In this paper we show how the overheads of integrating multiple dynamic language runtimes with Spark can be drastically reduced by hosting them within the same JVM process. In this way, both the dynamic language runtimes (e.g., Python, R) and the Spark runtime execute in the same JVM, taking advantage from the shared memory of the underlying multicore machine. Our approach is based on a modified version of Spark called TruffleSpark, which supports any language implemented with the Truffle [25] framework; in particular, in this paper we are using the Truffle implementations of Python (ZipPy [14]) and R (FastR [5]). Our approach not only reduces the performance gap between dynamically typed and statically typed languages in Spark, but also allows for an efficient integration of multiple dynamically typed language runtimes in the same JVM process, enabling an efficient execution of multi-language Spark analyses. Thus, we offer Spark programmers the possibility to directly combine functions written in different languages within the same Spark application without sacrificing performance. This paper makes the following contributions to the state-of-the-art in the field of data analytics:

  1. *

    We present TruffleSpark and show how Truffle-based languages can be efficiently integrated into Spark. TruffleSpark is based on an earlier research prototype discussed in [15], which we extend to support multiple languages in the same Spark application.

  2. *

    Thanks to TruffleSpark, we enable multi-language support for Spark, allowing the implementation of data analyses in multiple (statically and dynamically typed) languages. TruffleSpark operates on spark’s RDD data types, enabling low-overhead access to RDDs from dynamic languages.

  3. *

    We evaluate TruffleSpark comparing it against the original Spark framework.

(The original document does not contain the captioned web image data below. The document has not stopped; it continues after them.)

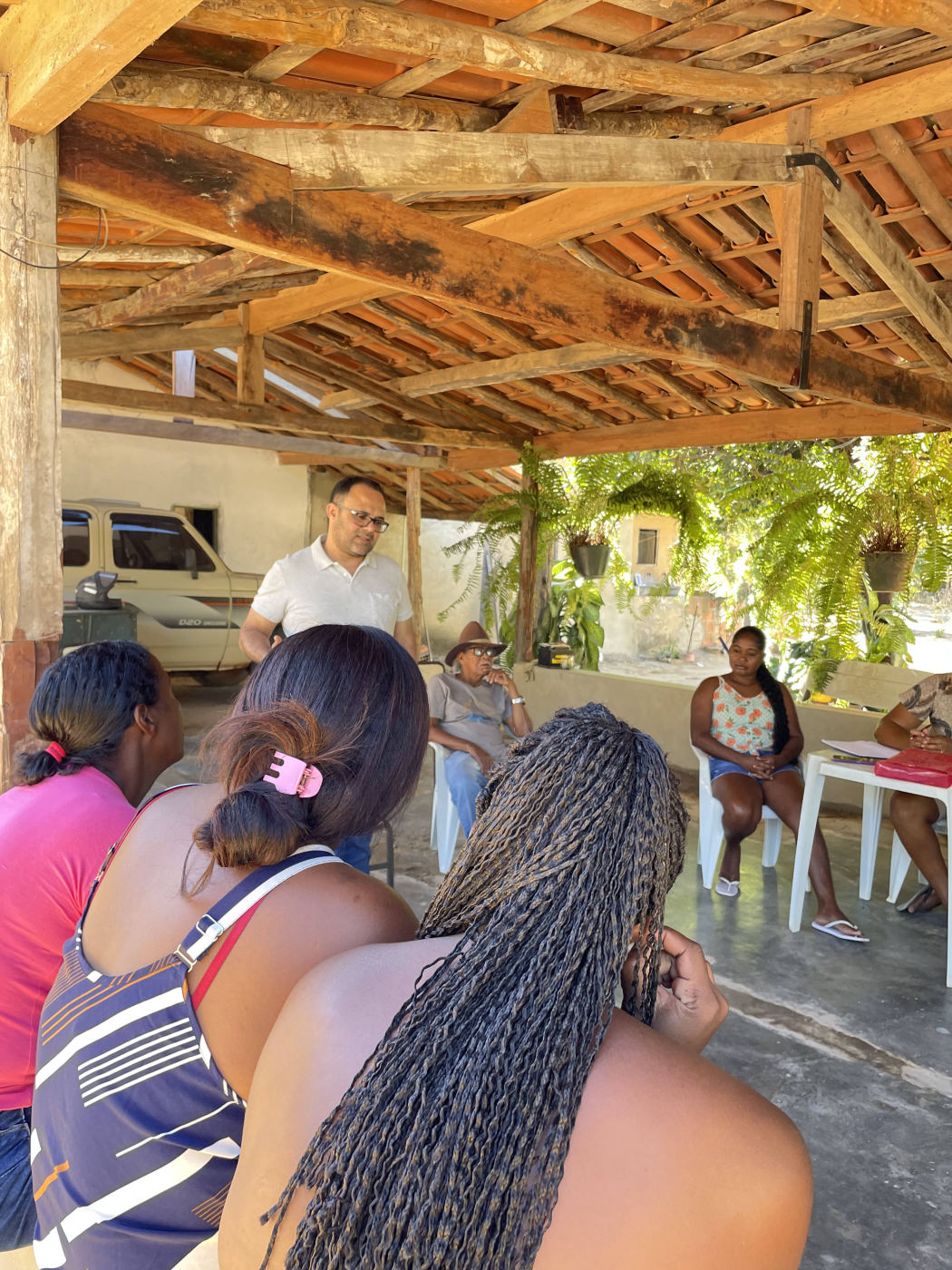 Zé Reis conversando com grupo de moradores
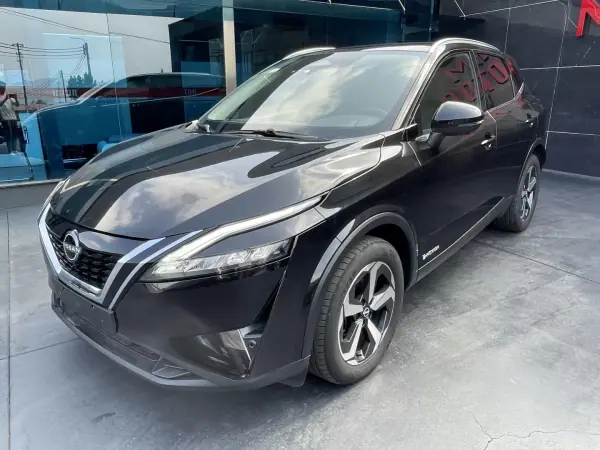 Nissan Qashqai 2023 - 25900 EUR, 99000 km - AUTO.MOTO.pt - 99000km - foto 2 de 12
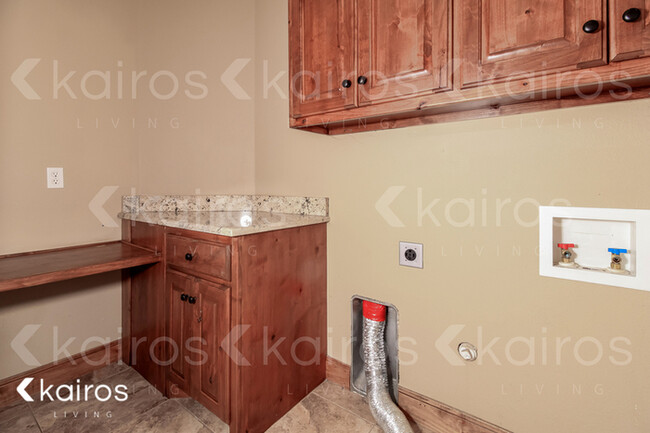 Building Photo - 7402 Ledgestone Dr.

On the considered benchmarks TruffleSpark always outperforms the Spark bindings for Python (i.e., PySpark), and has performance close to the ones of equivalent analyses written in a statically typed language (i.e., Scala).

2 Background

Our approach is based on a modified version of the Spark runtime that supports the execution of all the languages developed using the Truffle framework. In this section we provide an overview of Spark and Truffle.

2.1 Apache Spark

Apache Spark [3] is a general-purpose framework for large-scale data processing running on the JVM. One of the main programming abstractions in Spark are Resilient Distributed Datasets (RDDs), a fault-tolerant collection of homogeneous data which can be operated on in parallel. Informally, Spark applications based on RDDs consist of subsequent modifications to such data structures. Modifications can operate either on existing RDDs (e.g., by applying an operator to all elements of an RDD), or on newly created ones. Spark supports the creation of RDDs using multiple data formats, e.g., from a file in an external storage system such as a shared filesystem, HDFS, HBase, or any data source supporting the Hadoop input format. Applications that rely on the RDD abstraction can be developed using both statically typed languages (e.g., Scala) and dynamically typed ones. In the rest of this paper, we will focus on applications using RDDs from dynamic languages such as Python.

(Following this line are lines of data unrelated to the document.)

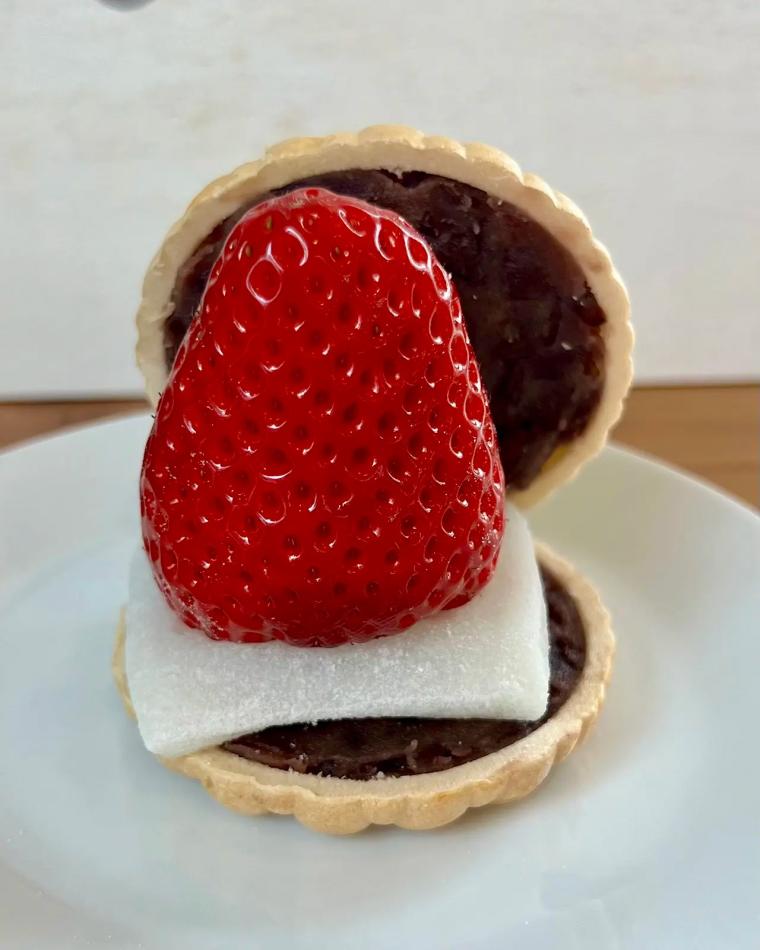 大粒いちごを楽しむ富山のいちご狩り【砺波・私と苺】併設カフェでは完熟いちごのパフェや大福も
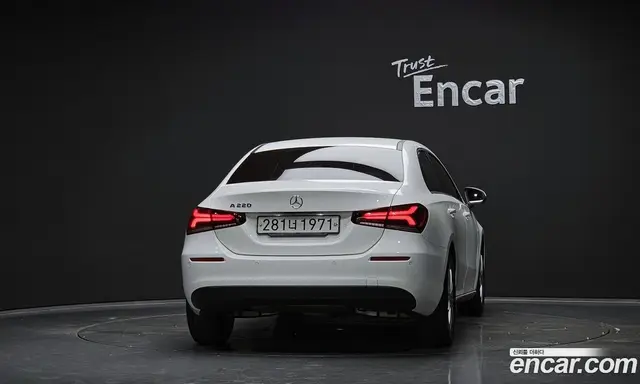 Mercedes-Benz A-Class 2020 2.0 автомат (гидро), миниатюра 4 Mercedes-Benz A-Class 2020 2.0 автомат (гидро), миниатюра 4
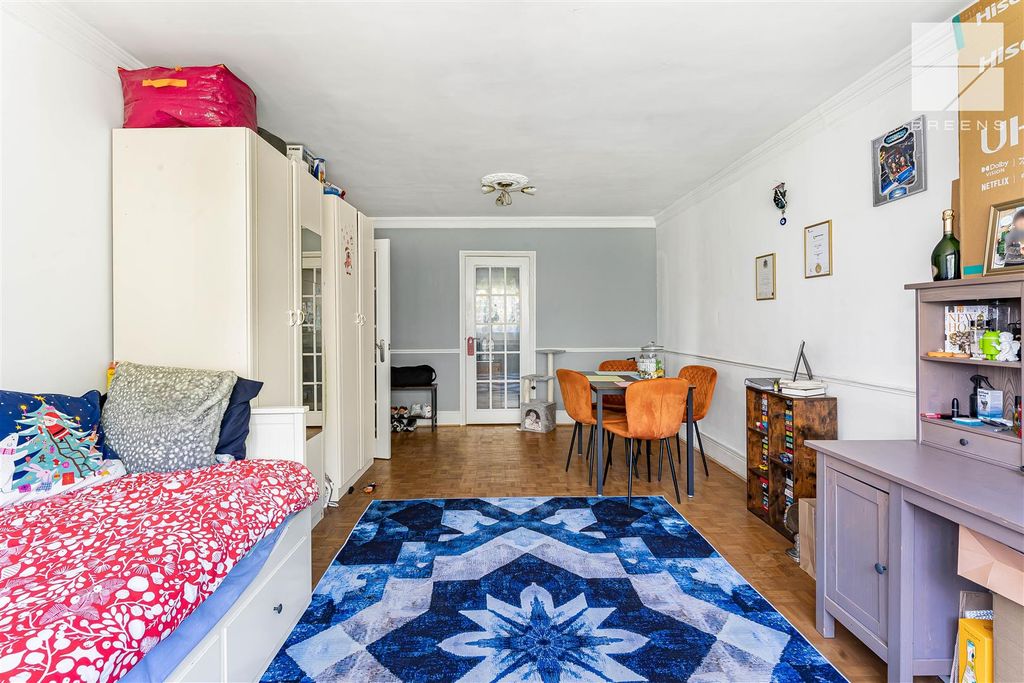 Additional image 4 of 2 bed flat for saleOakdale Gardens, London E4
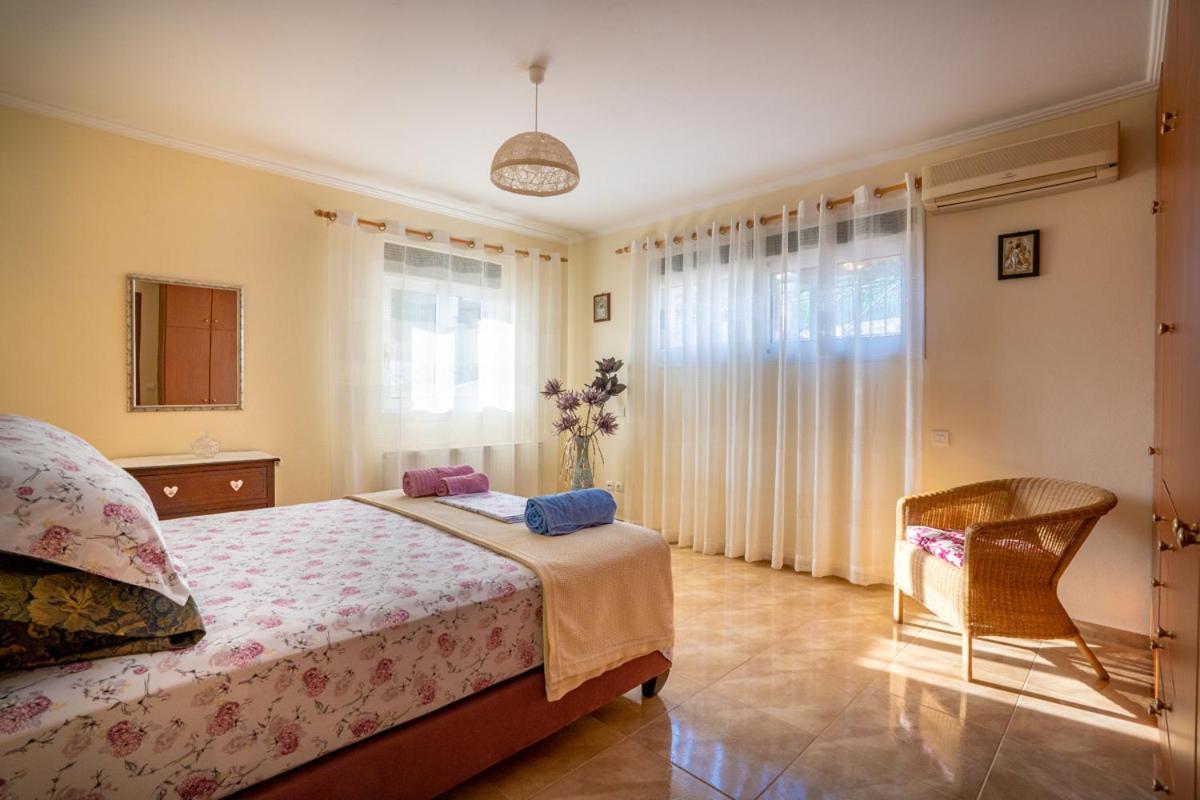 Paralia Platanou Seaview House Bagian luar foto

At runtime, Spark executes as a set of JVM processes deployed on a cluster in a master-slave fashion: one driver program orchestrates the computation from the cluster’s master node, while other worker processes are responsible for performing the actual distributed computation (i.e., one per cluster node). Upon each Spark’s job submission, every worker spawns an executor process, which executes the tasks submitted to by the master using a thread pool. Once the executor is started, it communicates directly with the driver program, so that worker processes are not effectively involved in the computation. Spark can be deployed using a distributed and a standalone mode. While in the distributed deployment the driver, workers, and executors are running in distinct JVM processes, in the local standalone deployment they run as threads within a single JVM process. In both configurations, there is always one JVM per cluster node that is responsible for executing all the analyses that have been submitted. Therefore – when running with statically typed languages –, the interactions between the parallel threads running an analysis can happen very efficiently within the same JVM process. This is not the case with dynamically typed languages, as we will discuss in the next section.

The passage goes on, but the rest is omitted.